Today’s readings: Proverbs 9, 1-6; Ephesians 5, 15-20; John 6, 51-58.

The challenge for Christians living today is how to rise to the occasion without giving in to temptations of pessimism or apocalyptic reading of whatever surrounds us. At every juncture of history these were real temptations, and believers have always been very prone to superficial reading of the times.

This is precisely what St Paul speaks about in Ephesians when he writes: “This may be a wicked age, but your lives should redeem it”. On a very positive note, St Paul exhorts his community not to miss out on the golden opportunities that present themselves in life.

There are moments in life which we normally consider as opportune. ‘Opportune’ means a favourable time, an opportunity to grasp, something not to be missed.

From a faith perspective, it is a moment of grace. It is a time not to miss, but at the same time which can so easily be missed.

In today’s readings, the personification of wisdom in Proverbs is coupled with Jesus himself who in John’s classic discourse in chapter six is presented as the guarantee of a life that never ends, or as the remedy against all that kills in us the spirit of true life.

Wisdom cannot be confused with knowledge, which we acquire and which makes us believe we can explain or dominate all that life is about. Wisdom is something we need to aspire to; it comes from above, it is not an achievement.

There is a certain basic stupidity in our lives in the way we approach whatever we go through. At times this lends itself to the presumption of knowing it all. Presumption kills the spirit in us, it leaves no opening towards redemption.

Presumption impoverishes the spirit, because the moment we are led to believe that we have conquered the world, we come to realise that we ourselves have rather been conquered and enslaved.

St Paul in Ephesians speaks about dissipation and being thoughtless or stupid, but also about the possibility of redeeming the times we live in.

Wisdom enables us to have foresight, to see in depth, not superficially.

The gospel today speaks of a wisdom that is somewhat different from that of the desert fathers who entered into solitude and retirement, who lived in hermitages in search of enlightenment.

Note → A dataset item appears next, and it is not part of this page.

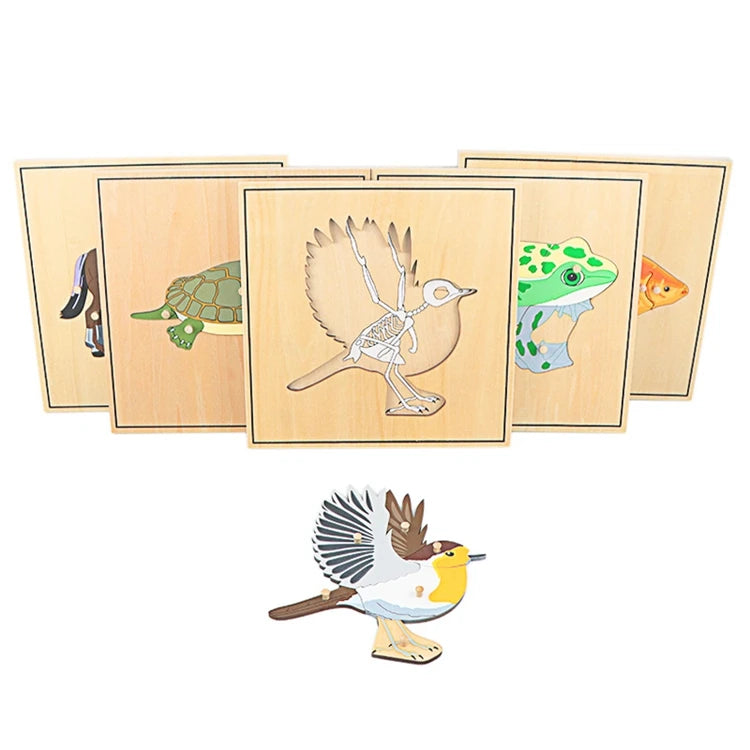 Educational Animal Puzzle Set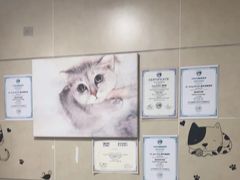 -谐和益家动物医院·免疫绝育·血液透析·宠保定点医院(高新伊藤分院)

The gospel today, in the words of Jesus as daily and spiritual nourishment, suggests a different wisdom that we need daily, that makes us grasp the moment we live in.

It is the enlightenment that comes our way. It is the revelation of God’s wisdom to children and those who are like children; it is the wisdom that seeks out the poor andmarginalised in the strategic points of the city.

It is the wisdom that comes down from heaven and that makes life sustainable. The Jews kept arguing about this without even noticing that they were missing the whole point.

That was the sin of the Jews and that is our sin whenever, like the Jews, we miss God’s wisdom in time, in the here and now when we most need to be enlightened.

It’s always like crucifying Jesus to save religion, the same story repeating itself to this day.

To have this wisdom, to be enlightened by God’s grace, is what makes life sustainable. And that is what first and foremost we needand what Jesus is speaking about in this gospel.

Unfortunately, along the way we always fall prey to stupidity and gratify ourselves with easy substitutes.

Sandra Schneiders, who authored numerous books on spirituality, has written that “the theology which undergirded our spirituality in the past cannot be resuscitated, and intelligent people cannot live a spirituality which is theologically bootless. We are, to a large extent, running on theological empty”.

Substitutes do not nourish us. We badly need to go straight to the point where our spiritual nourishmentis concerned.